— Ch. 1 · Hesiodic Origins And Variants —
Pandora.
~5 min read · Ch. 1 of 6
In the 8th century BCE, Hesiod wrote lines 560 through 612 of his poem Theogony. He described a woman created by Hephaestus on Zeus's orders without ever naming her directly. This figure was a beautiful evil whose descendants would torment humanity. Athena dressed her in a silvery gown and an embroidered veil. She wore garlands and an ornate crown of silver. When she appeared before gods and mortals, wonder seized them all. Yet she remained sheer guile that men could not withstand. Hesiod elaborated that from her came the race of women who live among mortal men to their great trouble. These women were no helpmeets in hateful poverty but only in wealth. Men who avoided marriage with such women reached deadly old age alone. Their kinsfolk divided their possessions after death. Occasionally a man found a good wife, yet evil still contended with good.

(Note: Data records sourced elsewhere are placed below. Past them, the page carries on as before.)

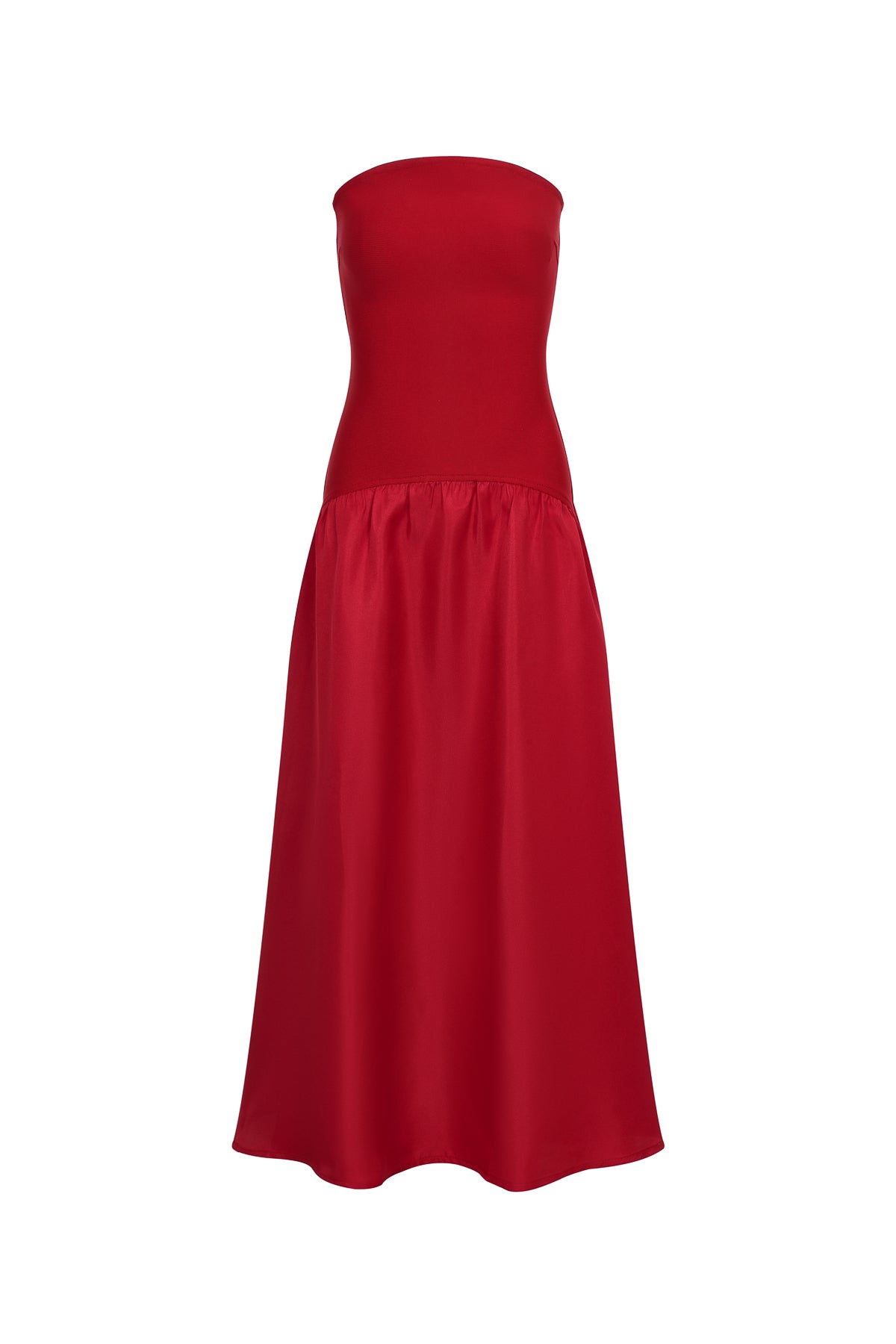 Mirelle Hybrid Bandage Satin Midi Dress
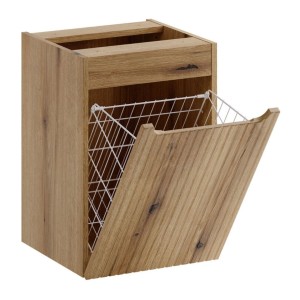 Conjunto VANO azul denim y roble claro 130cm: muebles bajo lavabo con cajones y cesto para la ropa + encimera para lavabo + colu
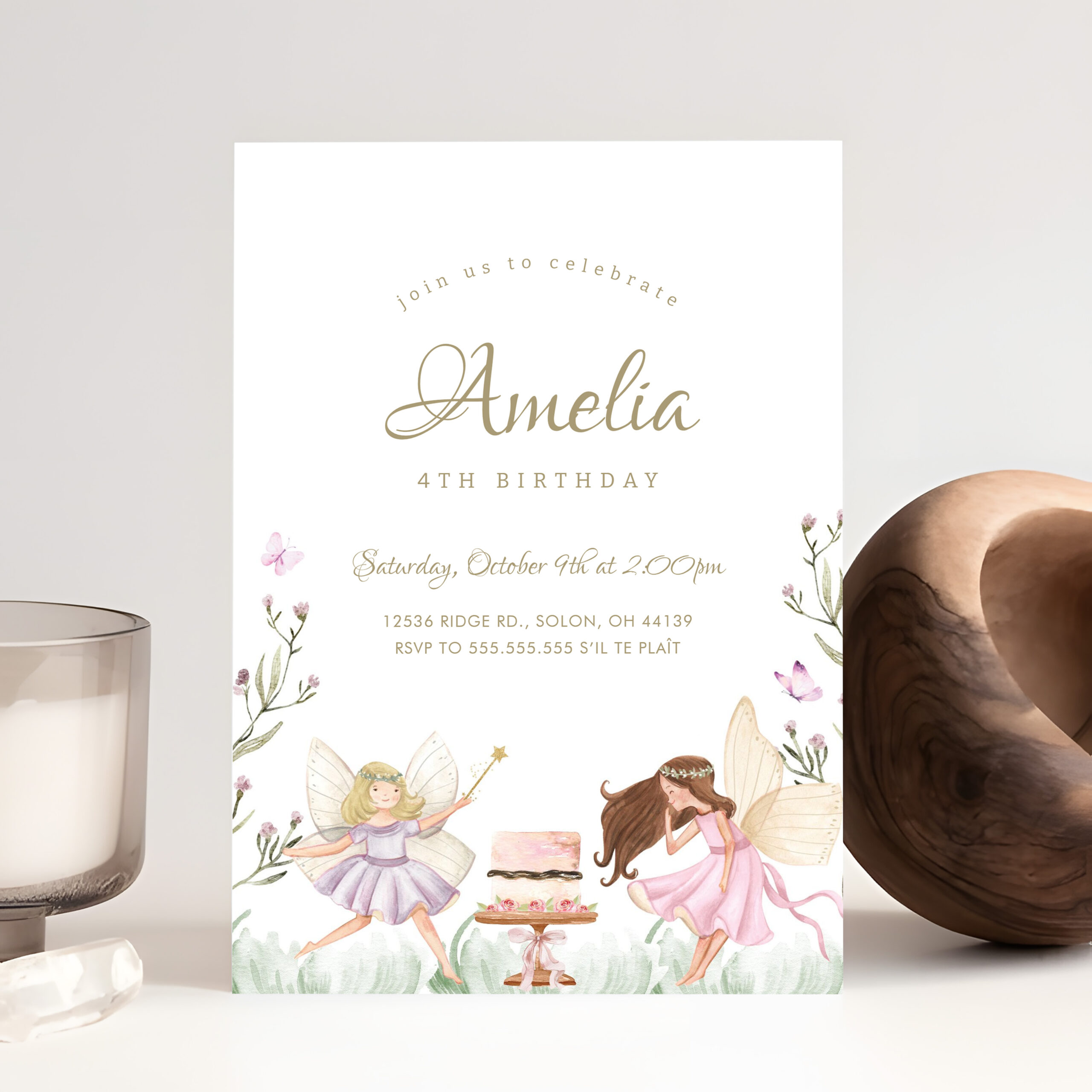 Fairy Garden Girl Birthday Party Invitation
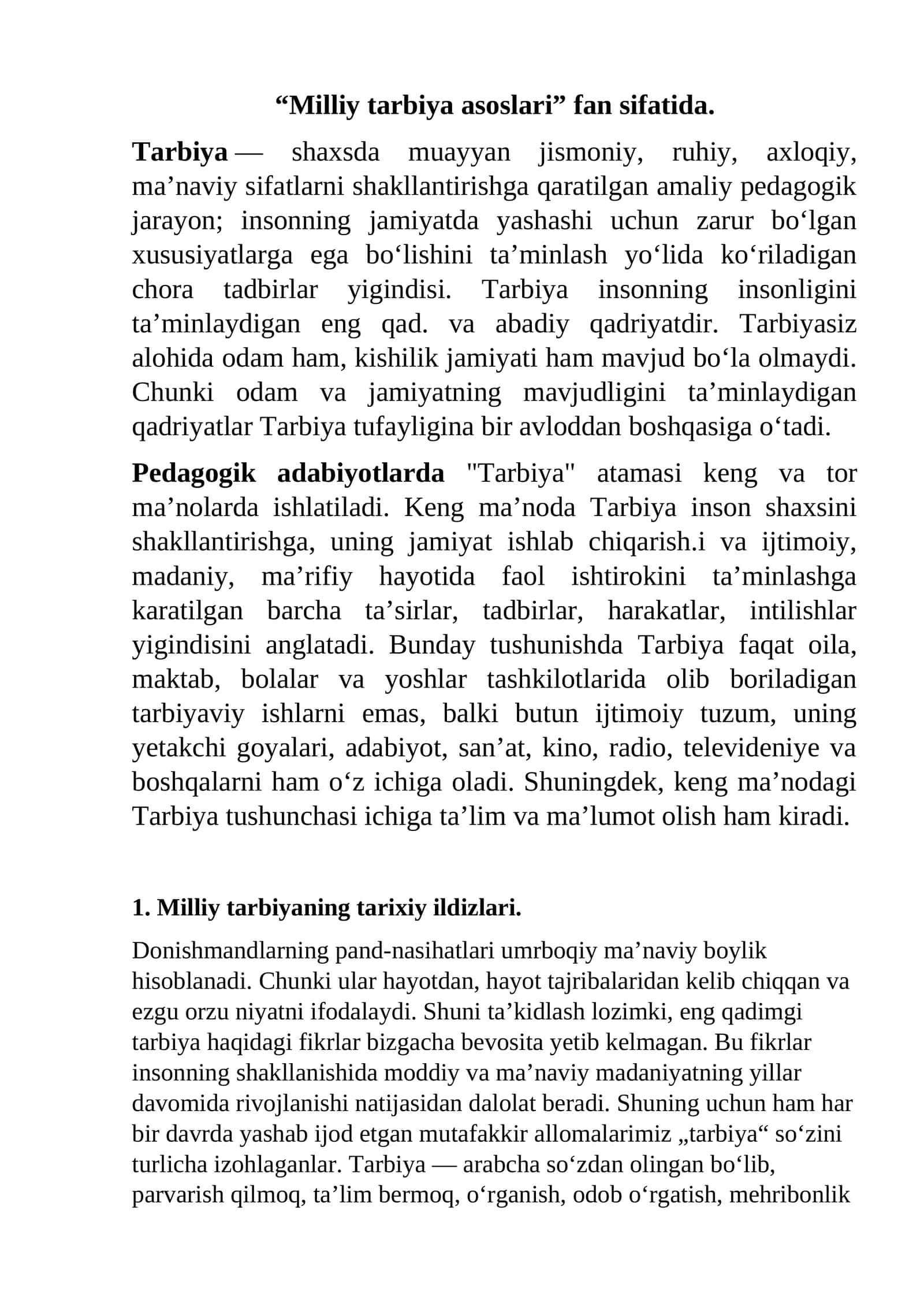 Milliy tarbiya asoslari
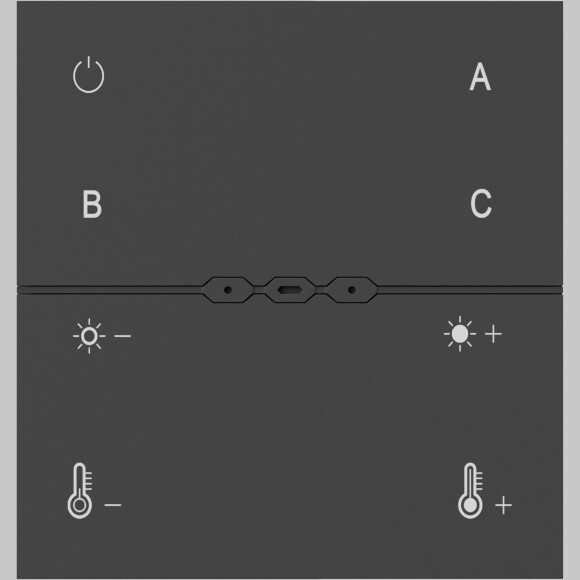 Maytoni DRC035-Z-8-B Черная беспроводная аккумуляторная накладная панель управления “умным” освещением по протоколу Zigbee 3.0, вкл/выкл; диммирование; изм. цветовой температуры; разделение на группы (до 3 групп); создание сцен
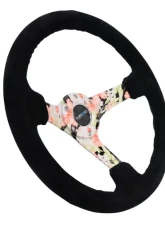 NRG Reinforced Sport Steering Wheel 350mm 3 Inch Deep Hydro Dipped Tropical Floral 5mm spoke Black Suede Black Baseball Stitching                                     - RST-036FL-S - Image 2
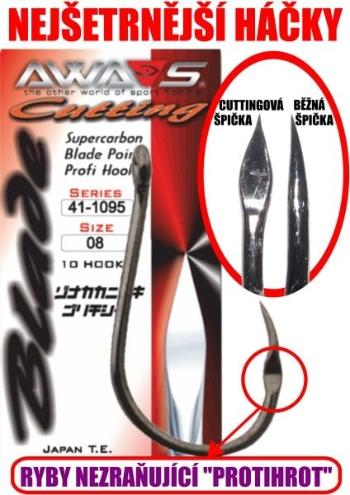 Awa-S Háčky Cutting Blade 1095 (bezprotihrotu) Black Nickel 10ks - vel.6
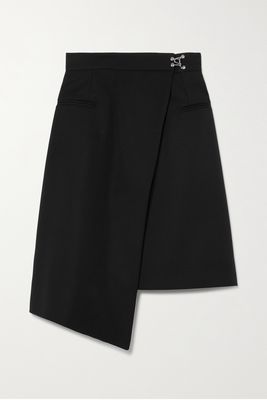 Alexander McQueen - Asymmetric Grain De Pourdre Wool Mini Wrap Skirt - Black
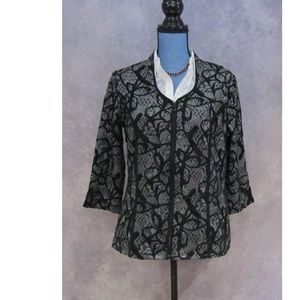 Libra Canada Black Jacquard Zip Blazer Jacket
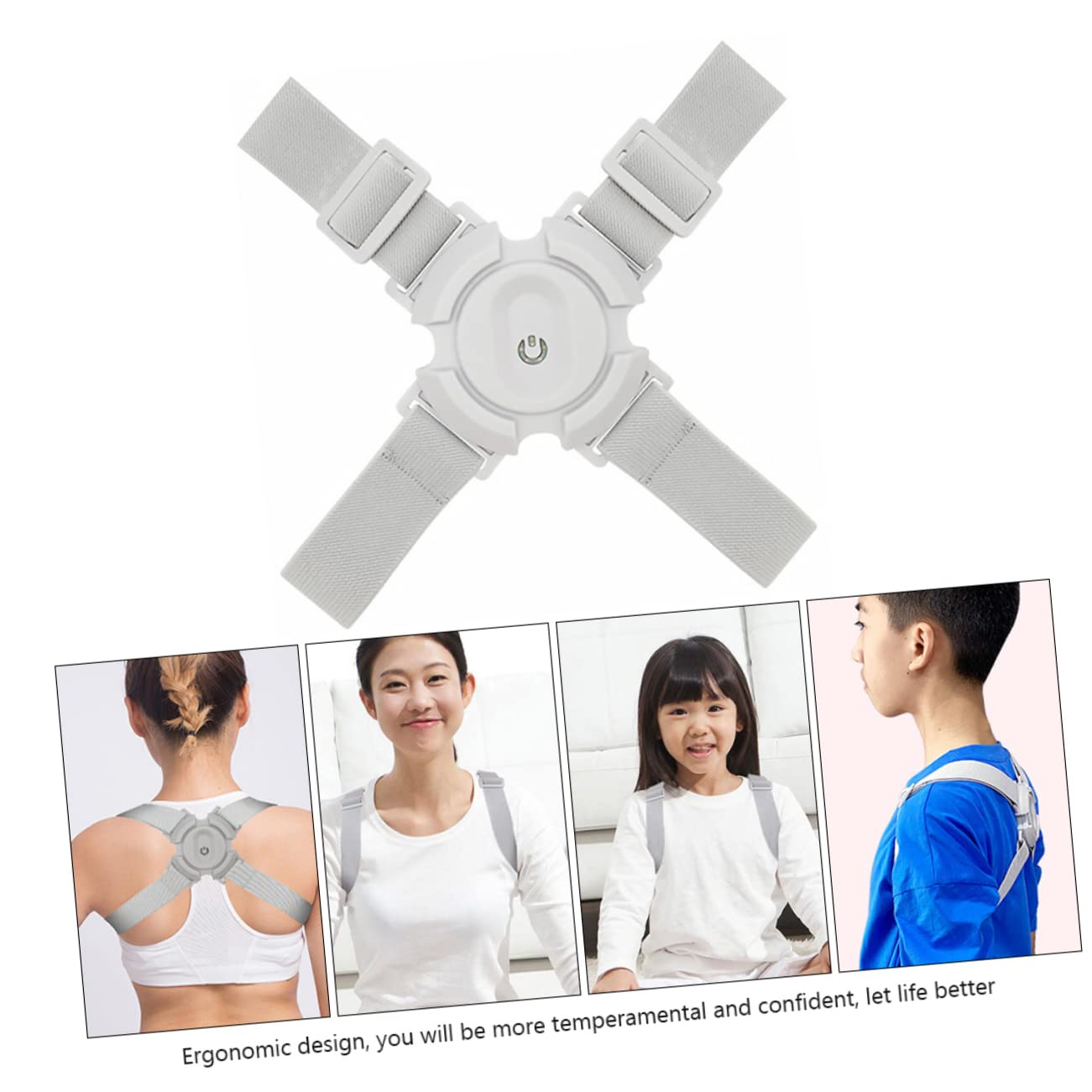 HAPINARY Posture for Child Smart Braces While Belt Humpback Trainer Students Sitting Position Rectifier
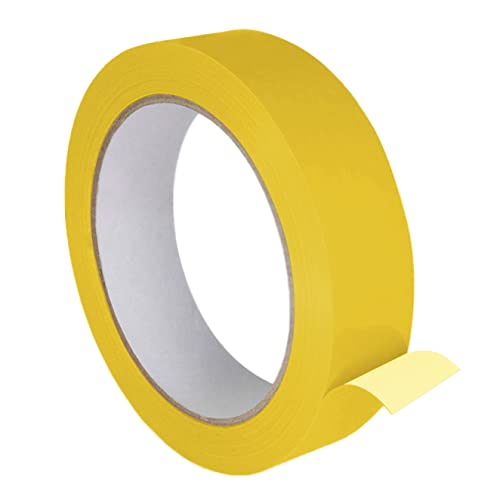 KLEBESHOP24 Einseitiges PVC-Klebeband | Universell einsetzbar | Zum Verkleben und Markieren | 25 mm x 66 m | Farbe wählbar / 1 Rolle, gelb von KLEBESHOP24
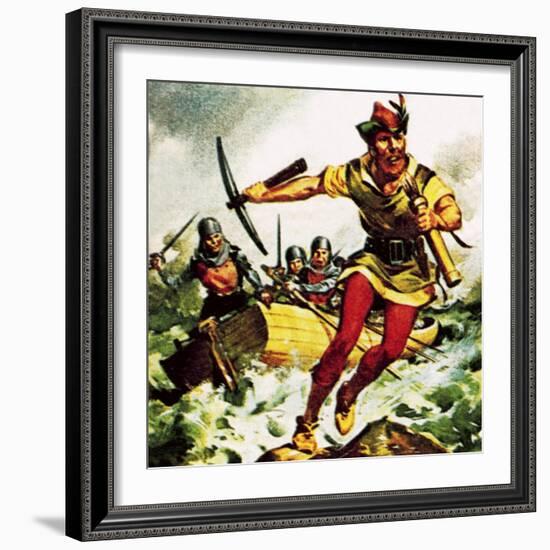 William Tell, the Swiss Patriot, Jumping from a Boat on Lake Lucerne-McConnell-Framed Giclee Print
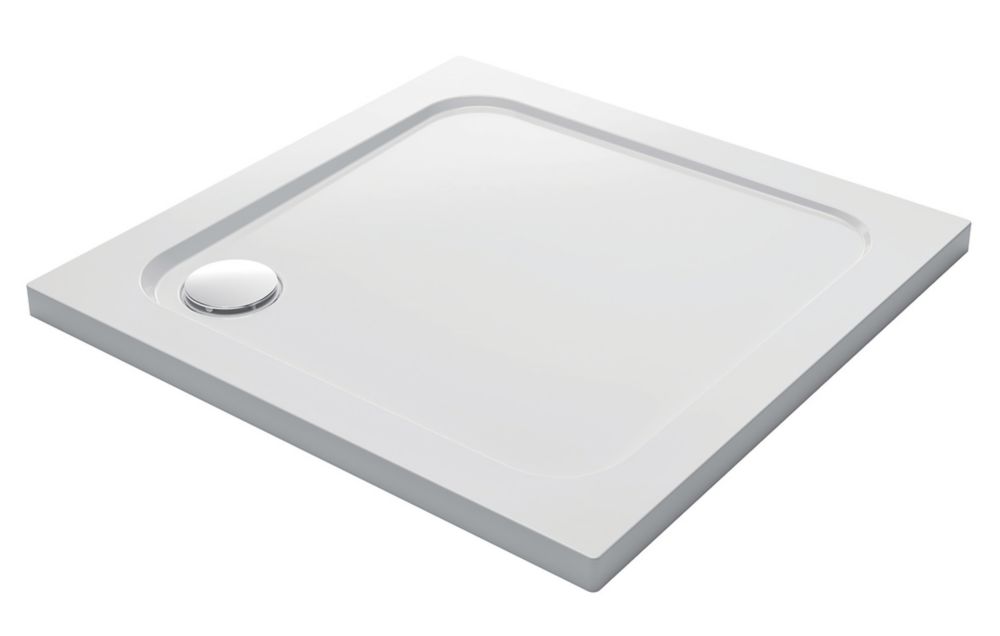 Image of Mira Flight Low Corner Waste Square Shower Tray White 760mm x 760mm x 40mm 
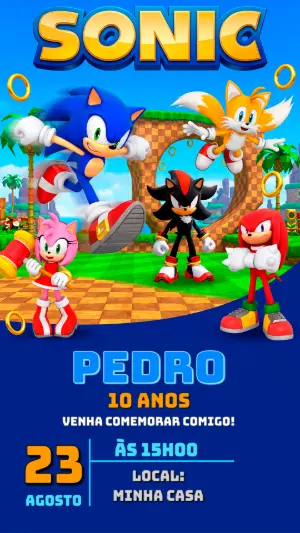 Convite Digital Tema Sonic para Aniversário Infantil Editável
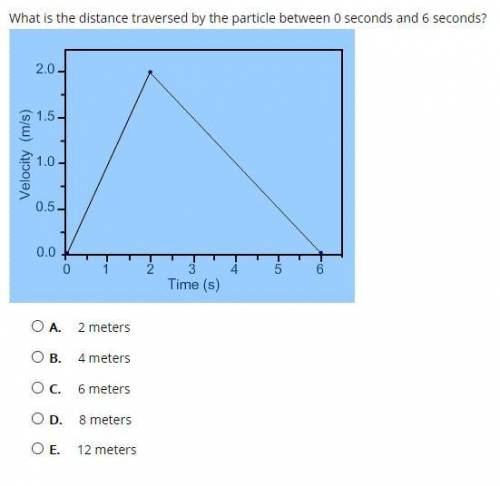 What is the distance traversed by the particle between 0 seconds and 6 seconds?

A.
2 meters
B.
4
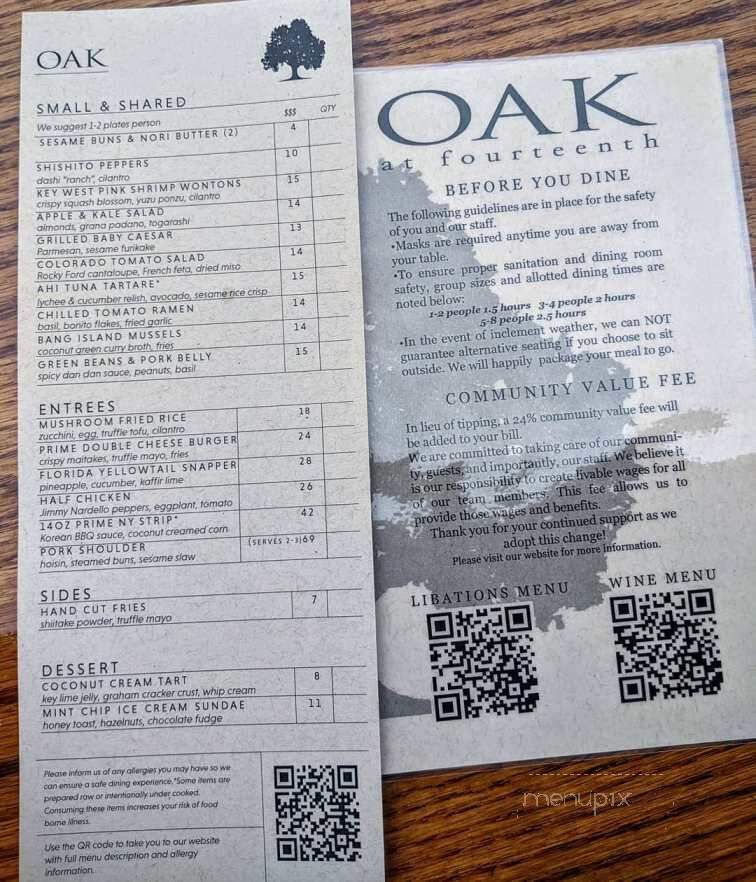 OAK at Fourteenth - Boulder, CO menu_pic
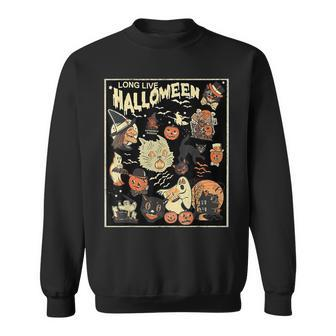 Long Live Halloween Pumpkin Cat Witch Sweatshirt - Monsterry AU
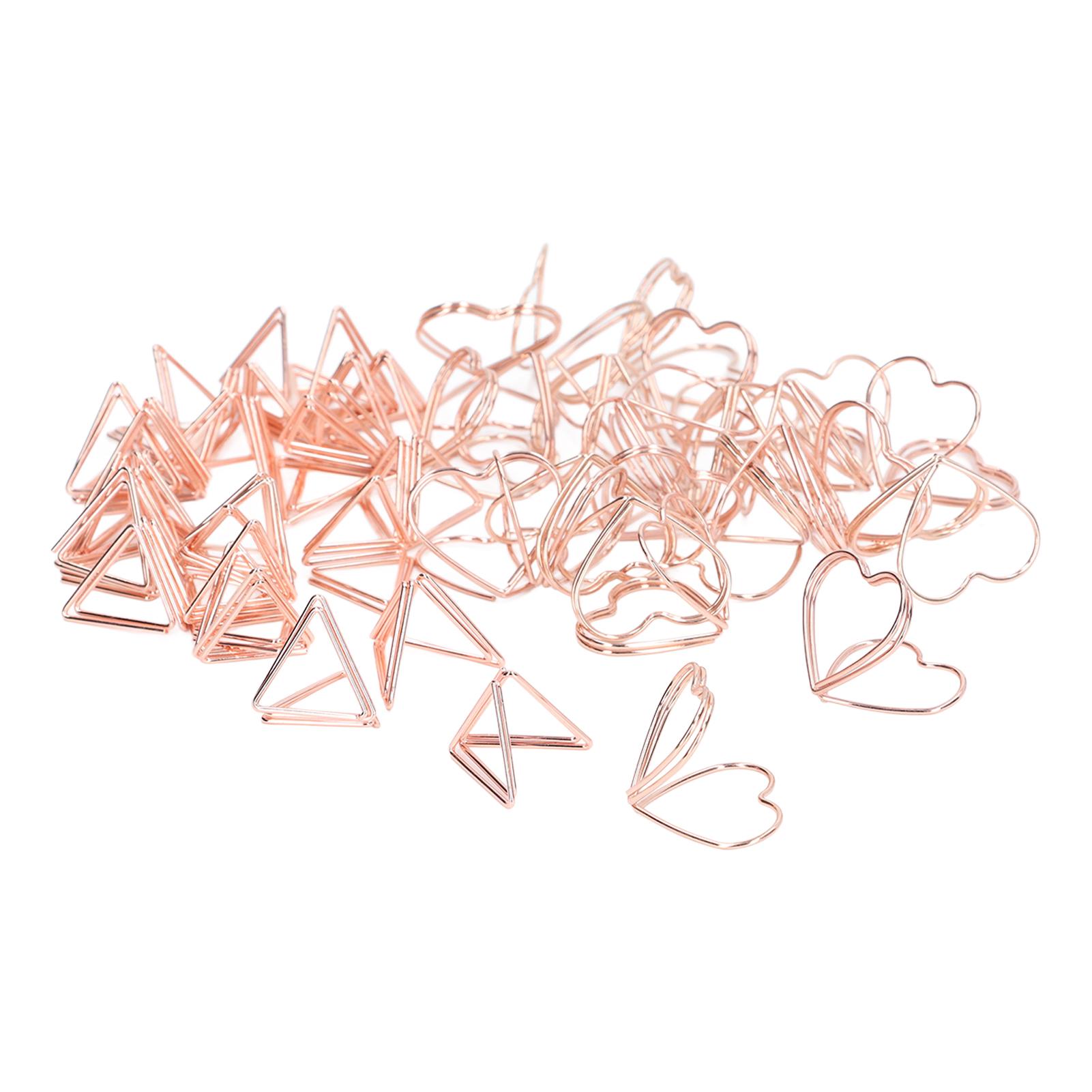 100 Stück Geformte Büroklammern Dreieckig und Herzförmig Doppellagig 3D Roségold Metall Büroklammern zur Aktenklassifizierung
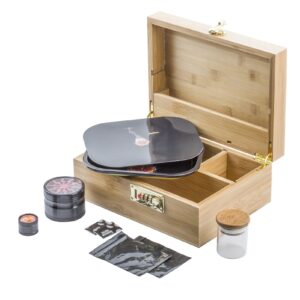 PUFFING BIRD Bamboo Storage Stash Box Combo with Combination Lock | PB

Etymology And Name Interpretations
A white-ground kylix painted by the Tarquinia painter around 470, 460 BC bears the name Anesidora above a female figure. This inscription means she who sends up gifts. Scholars debate whether Pandora meant all-gifted or all-giving. William E. Phipps noted that classics scholars suggest Hesiod reversed the meaning of an earth goddess called Pandora. Jane Ellen Harrison observed that a fifth-century amphora shows Pandora rising from the ground as a chthonic goddess like Gaia herself. A winged ker with a fillet hovers overhead while her arms are raised in epiphany gesture. Harrison argued this represents a shift from matriarchy to patriarchy in Greek culture. The life-bringing goddess Pandora was eclipsed by the death-bringing human woman. Robert Graves quoted Harrison and asserted that the Hesiodic episode is not a genuine myth but an anti-feminist fable. H. J. Rose wrote that the myth makes Pandora the origin of all Man's woes with her being the exemplification of the bad wife.